According to Fitch’s latest credit update, inflation in the Philippines averaged 3.2 percent in the first 11 months of 2024, a significant improvement from the 6.0 percent average in 2023, the central bank noted in a statement released on Wednesday, Dec. 18, 2024.
This achievement is attributed to the BSP’s decisive actions, including three interest rate hikes last year totaling 100 basis points.
In particular, the central bank’s off-cycle increase of 25 basis points in October 2023 played a crucial role in reining in inflation. By November 2024, inflation eased to 2.5 percent, well within the BSP’s target range of 2-4 percent.

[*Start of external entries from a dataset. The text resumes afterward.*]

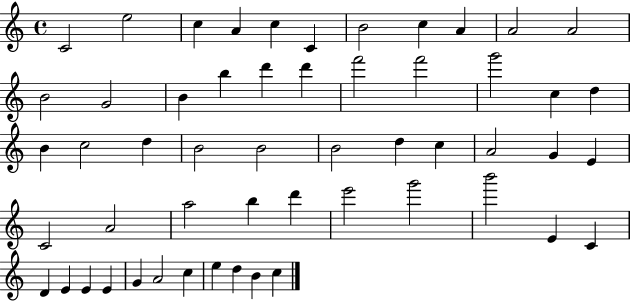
{
  \clef treble
  \time 4/4
  \defaultTimeSignature
  \key c \major
  c'2 e''2 | c''4 a'4 c''4 c'4 | b'2 c''4 a'4 | a'2 a'2 | \break b'2 g'2 | b'4 b''4 d'''4 d'''4 | f'''2 f'''2 | g'''2 c''4 d''4 | \break b'4 c''2 d''4 | b'2 b'2 | b'2 d''4 c''4 | a'2 g'4 e'4 | \break c'2 a'2 | a''2 b''4 d'''4 | e'''2 g'''2 | b'''2 e'4 c'4 | \break d'4 e'4 e'4 e'4 | g'4 a'2 c''4 | e''4 d''4 b'4 c''4 | \bar "|."
} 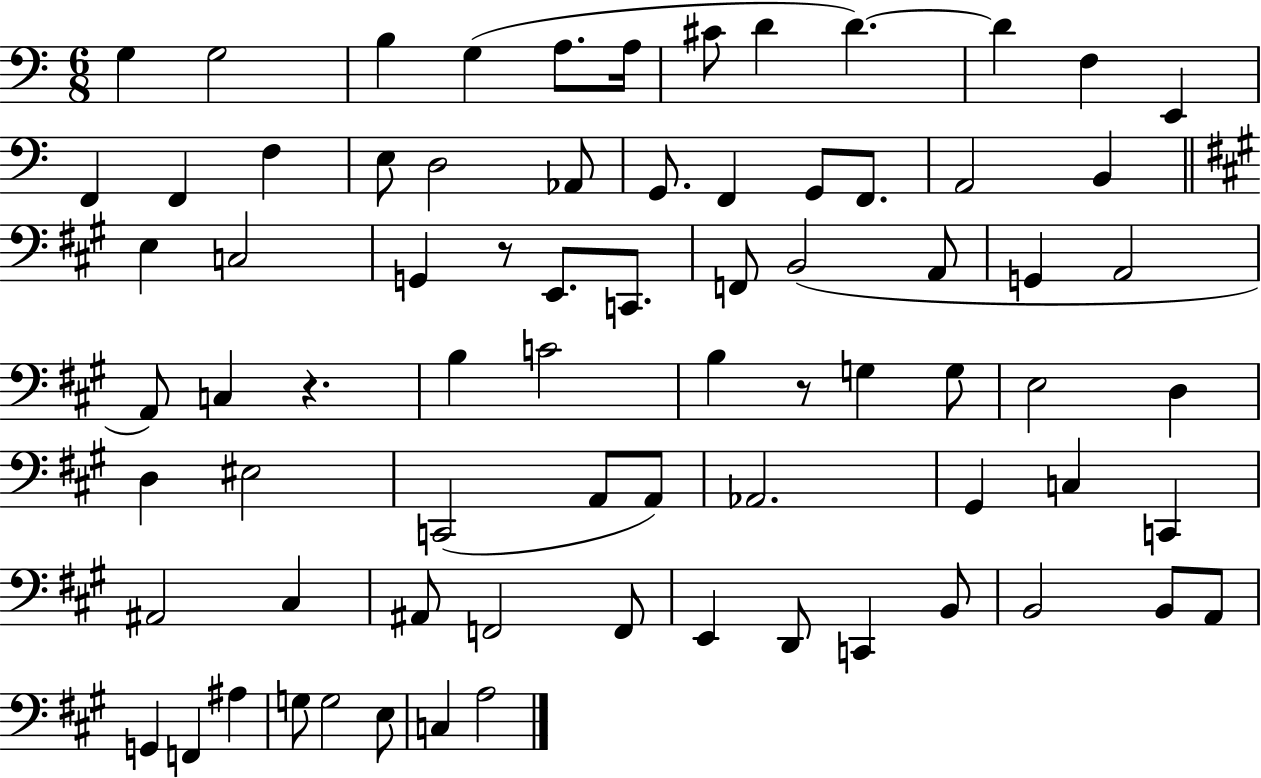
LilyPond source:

{
  \clef bass
  \numericTimeSignature
  \time 6/8
  \key c \major
  \repeat volta 2 { g4 g2 | b4 g4( a8. a16 | cis'8 d'4 d'4.~~) | d'4 f4 e,4 | \break f,4 f,4 f4 | e8 d2 aes,8 | g,8. f,4 g,8 f,8. | a,2 b,4 | \break \bar "||" \break \key a \major e4 c2 | g,4 r8 e,8. c,8. | f,8 b,2( a,8 | g,4 a,2 | \break a,8) c4 r4. | b4 c'2 | b4 r8 g4 g8 | e2 d4 | \break d4 eis2 | c,2( a,8 a,8) | aes,2. | gis,4 c4 c,4 | \break ais,2 cis4 | ais,8 f,2 f,8 | e,4 d,8 c,4 b,8 | b,2 b,8 a,8 | \break g,4 f,4 ais4 | g8 g2 e8 | c4 a2 | } \bar "|."
} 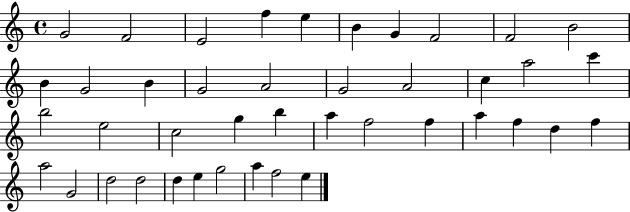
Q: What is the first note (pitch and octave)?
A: G4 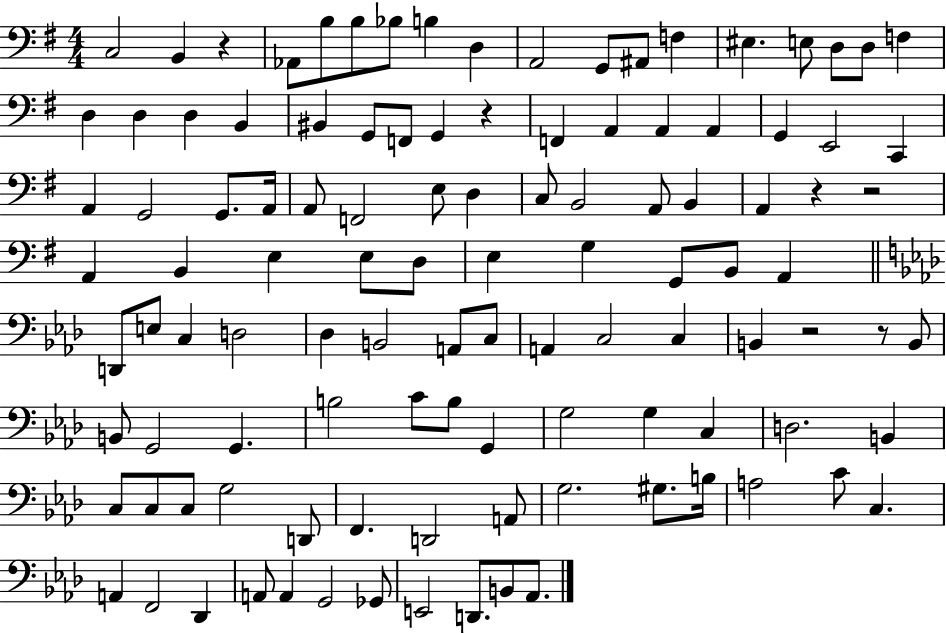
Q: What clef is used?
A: bass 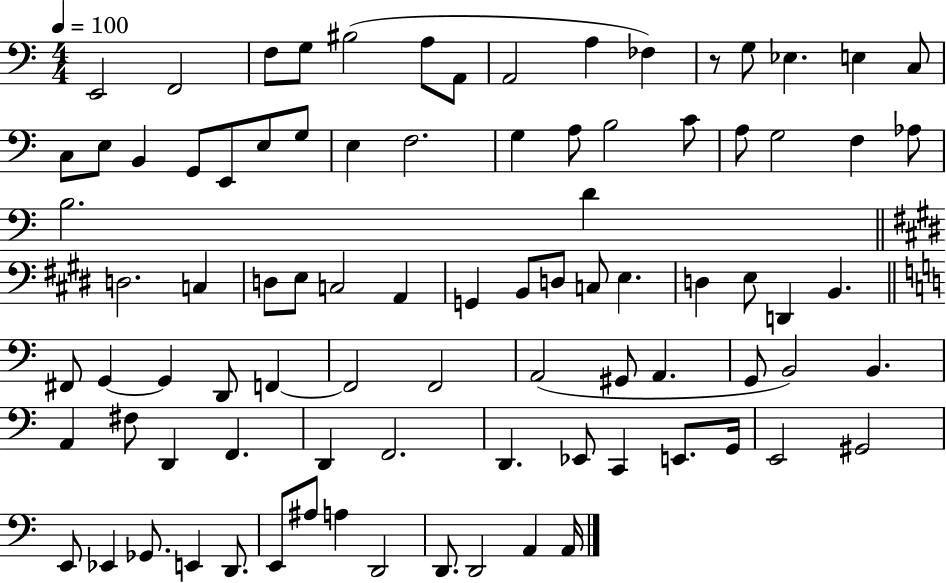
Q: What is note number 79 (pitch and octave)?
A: D2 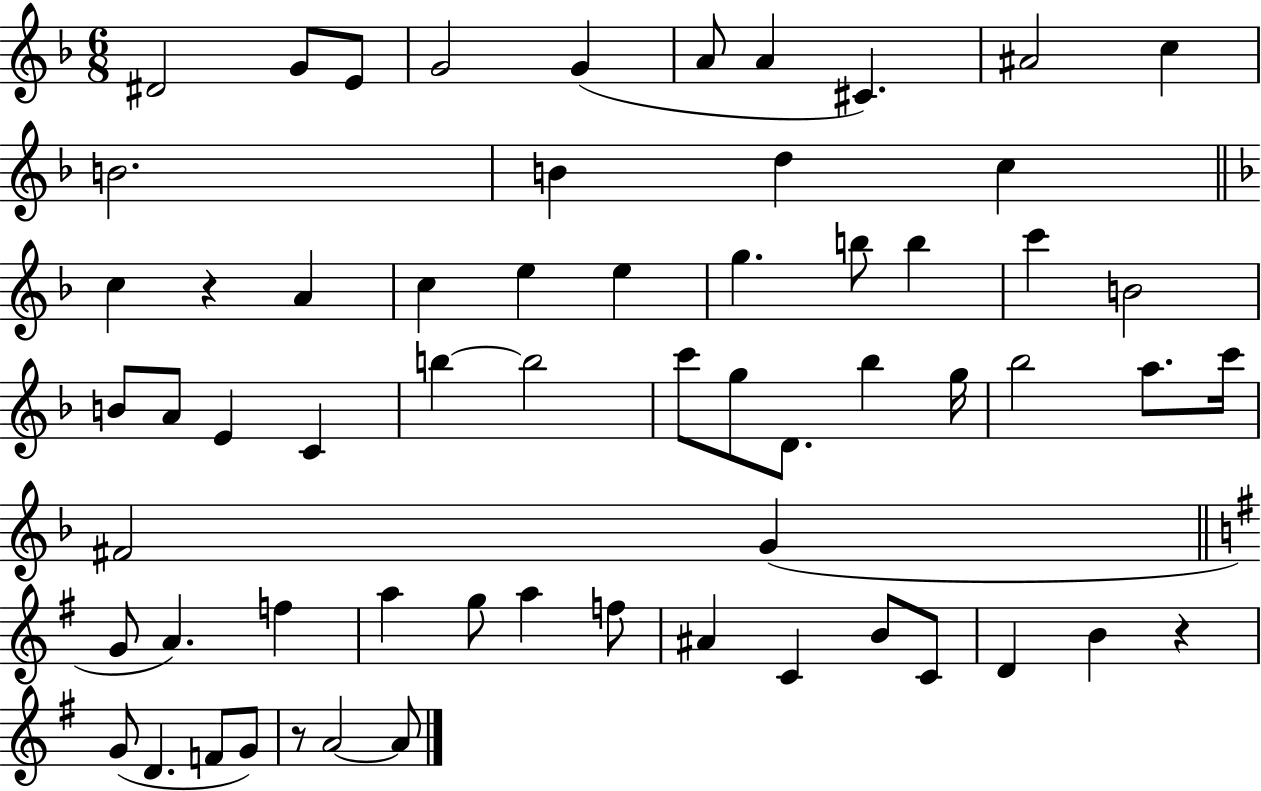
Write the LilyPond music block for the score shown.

{
  \clef treble
  \numericTimeSignature
  \time 6/8
  \key f \major
  \repeat volta 2 { dis'2 g'8 e'8 | g'2 g'4( | a'8 a'4 cis'4.) | ais'2 c''4 | \break b'2. | b'4 d''4 c''4 | \bar "||" \break \key d \minor c''4 r4 a'4 | c''4 e''4 e''4 | g''4. b''8 b''4 | c'''4 b'2 | \break b'8 a'8 e'4 c'4 | b''4~~ b''2 | c'''8 g''8 d'8. bes''4 g''16 | bes''2 a''8. c'''16 | \break fis'2 g'4( | \bar "||" \break \key g \major g'8 a'4.) f''4 | a''4 g''8 a''4 f''8 | ais'4 c'4 b'8 c'8 | d'4 b'4 r4 | \break g'8( d'4. f'8 g'8) | r8 a'2~~ a'8 | } \bar "|."
}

As inflation stabilized, the BSP shifted to supporting economic growth, implementing two 25-basis-point rate cuts in August and October 2024.
Fitch predicts that these measures, alongside improved inflation management, will drive Philippine gross domestic product growth to 5.7 percent in 2024, with further acceleration to 5.9 percent in 2025 and 6.2 percent in 2026.
The BSP is also enhancing monetary policy transmission through initiatives like the launch of Peso Interest Rate Swaps to deepen capital markets and improve bond market liquidity. Fitch’s report follows similar positive developments, such as S&P’s outlook revision to “positive” and R&I’s upgrade of the Philippines’ credit rating to A- in 2024.
These milestones underscore the BSP’s proactive approach to stabilizing inflation and supporting economic growth, the central bank said.